Neu in den Kinos: „Challengers – Rivalen“ (Foto: MGM)
Gunnar Landsgesell · 04. Jun 2021 ·

Rosas Hochzeit

Tragikomödie, Feelgood-Movie, Emanzipations- und Selbstverwirklichungsgeschichte: "Rosas Hochzeit" ist eine augenzwinkernde, temporeiche Komödie über eine Frau, die für Familie und Freunde alles macht, weil sie nicht anders kann. Wer sehen will, wie sie das letztlich doch ändert, kann sie dabei begleiten.
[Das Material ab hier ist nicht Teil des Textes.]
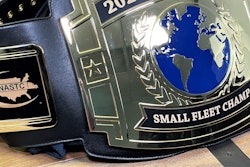 Overdrive Small Fleet Champ belt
Der Albtraum zu Beginn des Films ist fies: Rosa (Candela Peña) strampelt sich bei einem Wettlauf ab, sie läuft und läuft, während ihr ganzes Umfeld sie frenetisch anfeuert. Bis sie irgendwo abzweigt und auf einem Strand in den Sand plumpst. Doch als Rosa aus dem Traum aufwacht, geht es in ihrem Leben ganz genauso weiter. So etwas kennt man doch eigentlich nur aus Horrorfilmen. „Rosas Hochzeit“ ist allerdings eine so genannte Feelgood-Komödie, in der trotz widriger Umstände ein fröhlicher Tonfall das Publikum beruhigt sowie auch die Gewissheit, dass der Heldin nichts Ernsthaftes zustoßen wird – sondern dass sie sich von ihrem strapaziösen Umfeld emanzipieren wird und damit allen Hoffnung gibt, die sich auch gerne selbst aus einem üblen Sumpf herausziehen würden. Bis dorthin muss man aber erst den besagten Dauerlauf an Rosas Seite absolvieren. Die spanische Regisseurin Iciar Bollain („El Olivo“) schickt dafür ein umfangreiches Ensemble von Familie, Freunden und Umfeld aus, um der Protagonistin Prügel in den Weg zu werfen: Rosas Tochter (Paula Usero) mit den nervigen Zwillingen, ihren verwitweten Vater (Ramon Barea), der sich selbst bei ihr einquartiert und gleich mal zu schnarchen beginnt, dass sich die Bäume biegen, während Rosa sich leise aus ihrer Wohnung stiehlt und in das nächtliche Studio schleicht, wo sie für Filmproduktionen als Kostümbildnerin tätig ist. Dort türmt sich die Arbeit und selbst dort kreuzt noch die Nachbarin Rosas auf, um ihr die Katze zur Aufsicht zu überlassen. Zu ihrem Pech hat Rosa auch noch einen geschiedenen Bruder (Sergi Lopez als Sprachschul-Chef Armando) und eine Schwester namens Violeta (Nathalie Posa), eine Übersetzerin, die gerne Aufgaben delegiert. In farbenfrohen Bildern und der launigen Hektik, wie das in den Koproduktionen romanisch-sprachiger Länder viele Jahre lang Tradition war, arbeitet man sich also durch groteske Verwirrungen und familiäre Troubles durch, bis die Protagonistin ihren Überraschungsplan durchgebracht hat. Sie heiratet, und zwar sich selbst.

 Mehr Rückzug als Revolution

„Rosas Hochzeit“ zeichnet das Bild einer Frau, das einem bekannt vorkommt. Sie steckt eigene Bedürfnisse zurück, hat keine Doppel- sondern eine Mehrfachbelastung und ist dennoch gerne für andere da. Umarmungen und Lächeln wechseln da mit zunehmenden Sorgenfalten, und Regisseurin Bollain hält den Druck wie in einem Dampfkessel hoch. Eine Revolution darf man allerdings nicht erwarten, Befreiung nimmt sich hier eher wie ein Rückzug (auf sich selbst) aus: Rosa entdeckt das verwaiste Konfektionsgeschäft ihrer Mutter in einer Kleinstadt neu und zieht sich dort vorerst in einem nostalgisch gefärbten Kokon zurück. Davor ist sie samt ihrer Latzhose ins Meer gesprungen, um vielleicht mal was ganz Verrücktes zu machen, oder sich mit 45 Jahren wie bei einer Erwachsenentaufe neu zu erfinden. Dass das nicht wirklich gelingt, kann man dem Drehbuch anrechnen. Der Versuch einer neuen Souveränität ist von weiteren Sorgen begleitet, die spanische Schauspielerin Candela Peña verleiht ihrer Figur dafür eine gewisse Reserviertheit, in der sich Tragik und Komödie auf nette Weise treffen. Am Ende ist nicht nur sie selbst geläutert, sondern (fast) auch ihr Umfeld, zumindest könnte man das glauben.